Now the Pittsburgh Steelers find themselves in a bit of a dilemma. It's well established that this franchise has a tendency to be loyal to a fault. Can they afford to be when it comes to Cam Heyward's contract?
Cameron Heyward contract details
Let's get down to brass tax. Cameron Heyward is entering the final season of the four-year, $65.6 million contract he signed during the 2020 offseason. This contract comes with an average annual salary of $16.4 million, but as they often do, the Steelers chose to backload this deal --giving them more salary cap space to work with from 2020 to 2022.
Now we are about the feel the effects of this decision. In the final year of his deal, Heyward has a cap number of $22,406,250, per Over the Cap. The most updated figure has Pittsburgh at over $15 million in the salary cap hole (and negative $18.8 million in effective cap space).
There are ways to climb back out of this. The Steelers are sure to make some easy decisions to save significant cap space by cutting players like Allen Robinson II and Mitch Trubisky. But these moves will barely get their head above water and more will be needed if they want to make a splash in free agency.
Steelers must consider cutting Cameron Heyward
These are the business decisions that nobody ever wants to think about and that front offices hate making. It's not hard to understand why. Heyward has clearly been one of the best players to sport a Pittsburgh Steelers uniform over the past decade-plus. Now comes the question: should the team risk hurting relationships or do what's best for their future?
Heyward is still a respectable football player, but wear and tear and age are quickly catching up with him. In 2023, the Steelers didn't get a fraction of their money's worth as Heyward spent half the season on IR with a groin injury, and he was a good (but not great) player once he returned for the second half of the year.
Now Heyward turns 35 years old this offseason as he gets set to enter his 14th year in the NFL, and fans have a right to question if the play we can expect warrants such a large contract.
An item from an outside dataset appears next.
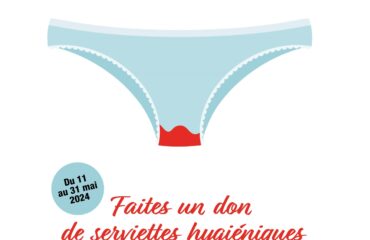 Image_Précarité menstruelle©CD44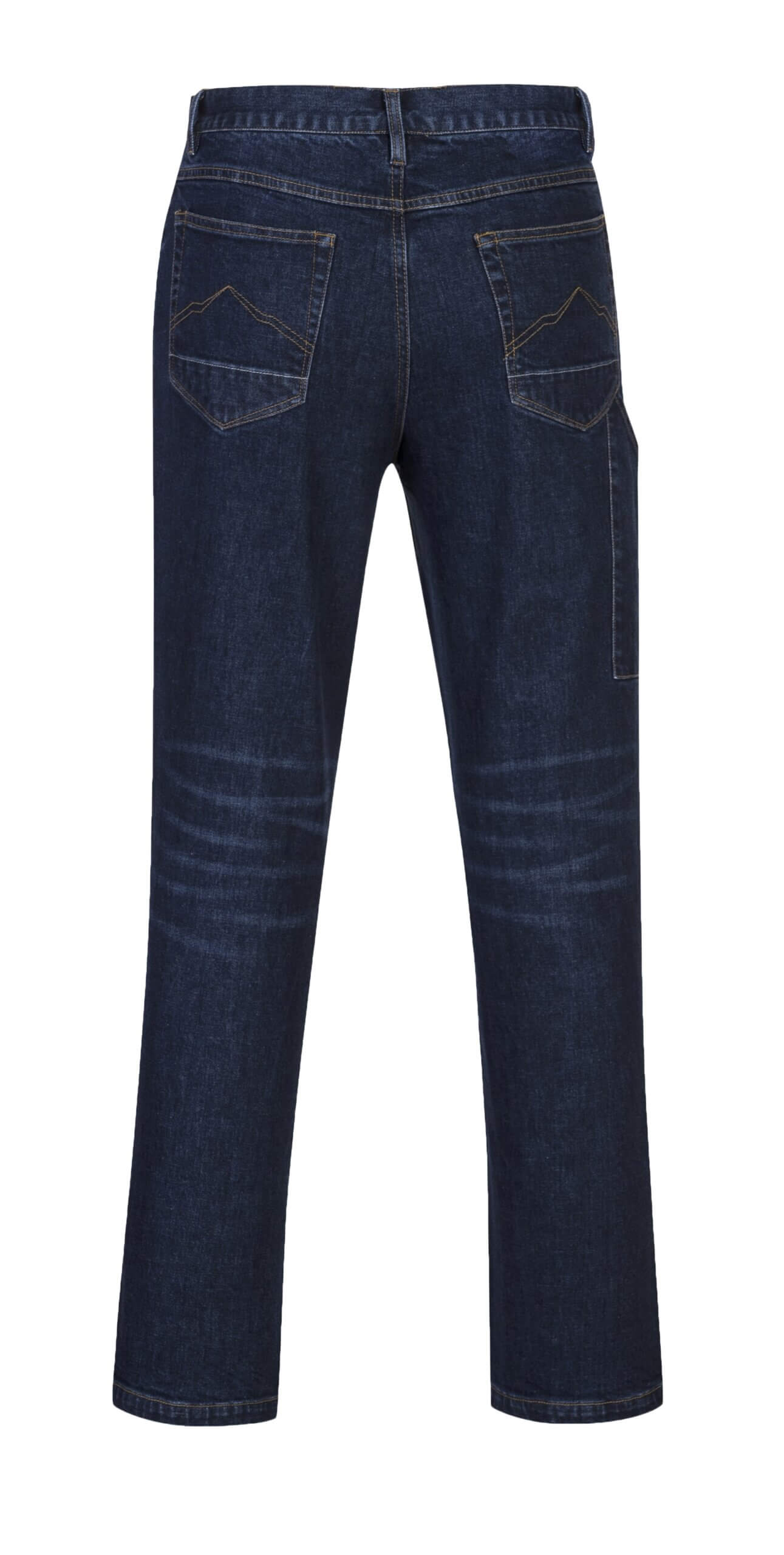 FR Stretch Denim Jeans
If the Pittsburgh Steelers were to cut him, they would instantly save $16 million in cap space -- enough to get them out of the hole in one fell swoop.
With the other roster decisions they make, they could give themselves enough cap space in free agency to go after a high-profile player or two --one who is much younger than Heyward with more left in the tank.
What will the Steelers do with Cameron Heyward's contract?
I completely understand if you would oppose the decision to cut a player like Cameron Heyward. The Steelers will agree with you, and this would go against both their character and trends we have seen in the past when it comes to legendary veterans on this team.
The Steelers care more than any other team about having their best players retire with them, and they don't want to see a player like Heyward suit up for anyone else. Because Cam is not willing to take a pay cut, the most likely solution for Pittsburgh is to extend his contract and tacking on a few voidable years. This will allow them to lower his substantial $22 million cap number for the 2024 season.
As you can imagine, there are consequences of doing this. The Steelers would feel the effects of this eventually after kicking the can further down the road. If Pittsburgh elects to go their route, they could be forced to eat dead money over the next several seasons -- even after Heyward retires.
This is tomorrow's problem, but when we look back on it, we are going to wish the team had extra money to work with in future free agency periods. Still, this is very likely to be the option that the Pittsburgh Steelers will go with. I'd be shocked to see them cut Hewyard.
There's no easy answer when it comes to situations like this. You can either do what's best for your team in the present or do what's best for your team in the future; there's no in-between. We know team president Art Rooney II and the philosophy of the organization very well by now. They want to win, and they believe that Cameron Heyward is a key part of the puzzle. They will do everything in their power to make sure they are competitive and successful in 2024.